The result should be the full listing copied exactly, with no pictures in it.

___ Given data

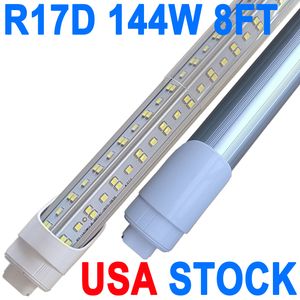 8FT LED-buisverlichting T8-gloeilampen, G13-basis met dubbel uiteinde (inclusief R17D-kap), 6500K daglicht Type B ballastbypass, 144W 18000LM, 120-277V, IP40-gecertificeerd crestech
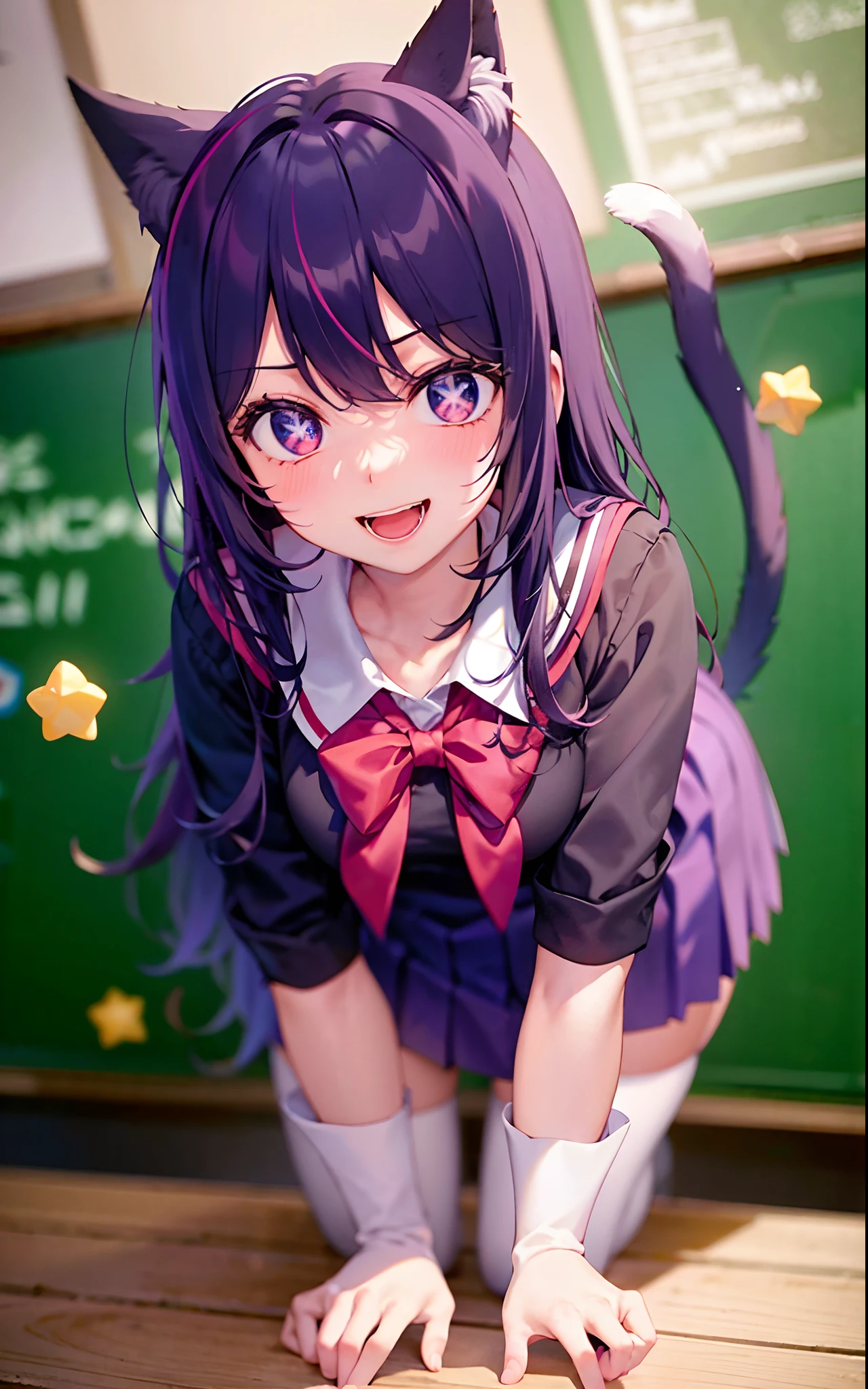 1girll,((There is a five-pointed star in the eye))Gorgeous Hair in Long Purple,Smile,Open mouth,JK school uniform,Blushlush,Cat ears,sofe,Classroom,classroom desk,all fours,white stockings,Be red in the face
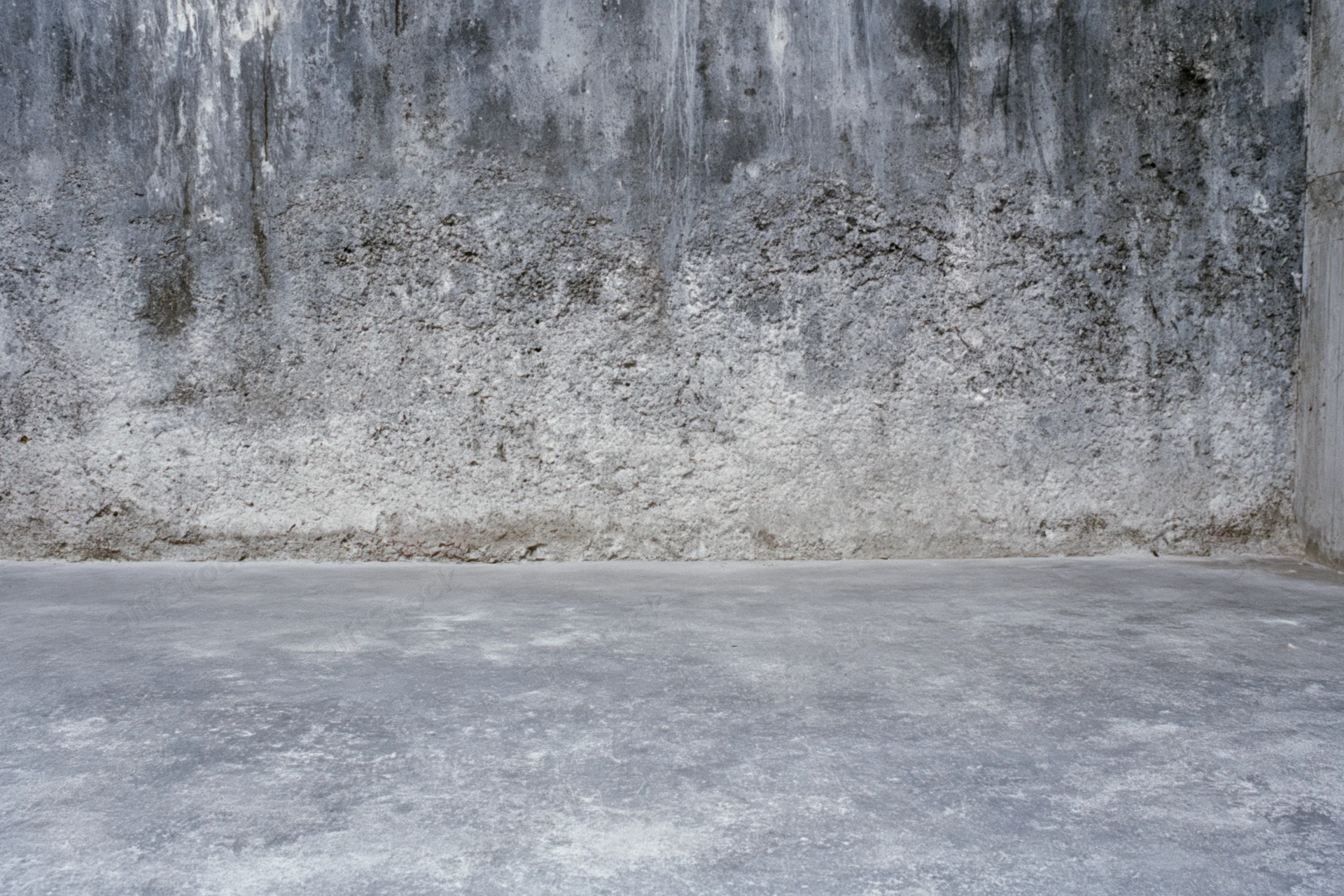 Empty concrete room with weathered cement wall and floor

______

> _Output of the exercise_:
 8FT LED-buisverlichting T8-gloeilampen, G13-basis met dubbel uiteinde (inclusief R17D-kap), 6500K daglicht Type B ballastbypass, 144W 18000LM, 120-277V, IP40-gecertificeerd crestech
 1girll,((There is a five-pointed star in the eye))Gorgeous Hair in Long Purple,Smile,Open mouth,JK school uniform,Blushlush,Cat ears,sofe,Classroom,classroom desk,all fours,white stockings,Be red in the face
 Empty concrete room with weathered cement wall and floor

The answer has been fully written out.